A Conduit for Change

The Combahee River Collective Statement from 1977 stated that “major systems of oppression are interlocking. The synthesis of these oppressions creates the conditions of our lives.”

Al Badiyah a collective of Storytellers, Designers, Writers, and Artists uniting their skills for collective liberation. It offers a platform at the intersection of design, activism, and media.

Al Badiyah is a collective that celebrates heritage through spatial intervention with a bias towards collective liberation.
— Al Badiyah Collective

Freire wrote, in his Pedagogy of the Oppressed, “It is only the oppressed who, by freeing themselves, can free their oppressors” (Freire, 1970).

Beginnings

The desert and its inhabitants have long been antagonized. Terms like “deserted” and “desertification” support Haynes’ rightful assertion that “Desert is not an innocent term” (Haynes, 2013). Historically, across several languages, “desert” is associated with abandonment, scarcity, and death (Alsane, 2019). The colonial perspective views the desert as terra nullius or tabula rasa—an inherently violent framing.

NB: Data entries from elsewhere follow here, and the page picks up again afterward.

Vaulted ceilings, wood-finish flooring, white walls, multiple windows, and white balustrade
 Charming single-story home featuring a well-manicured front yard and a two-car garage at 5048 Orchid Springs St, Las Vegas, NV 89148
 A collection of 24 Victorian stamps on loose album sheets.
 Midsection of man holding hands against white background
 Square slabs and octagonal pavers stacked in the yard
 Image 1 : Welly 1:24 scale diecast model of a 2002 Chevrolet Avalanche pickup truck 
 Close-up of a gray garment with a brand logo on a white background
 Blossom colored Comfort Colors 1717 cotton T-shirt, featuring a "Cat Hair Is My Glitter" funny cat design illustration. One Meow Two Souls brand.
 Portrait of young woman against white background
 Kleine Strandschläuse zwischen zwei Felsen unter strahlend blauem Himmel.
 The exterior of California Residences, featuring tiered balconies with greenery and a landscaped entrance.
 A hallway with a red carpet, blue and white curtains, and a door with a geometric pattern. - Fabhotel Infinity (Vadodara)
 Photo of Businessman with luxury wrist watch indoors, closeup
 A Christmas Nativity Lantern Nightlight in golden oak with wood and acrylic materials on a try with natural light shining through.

Al Badiyah, one of many Arabic words for “desert,” stems from the verb bad’a—“to begin.” It can also mean “wilderness” or “jungle.” The word contains multitudes. Al-Bedu (often misnamed “Bedouins”) are the People of Al Badiyah—those from the Land: “our beginnings.” This single word can spark conversations on re-indigenizing lands across biomes, from “jungles” to “deserts.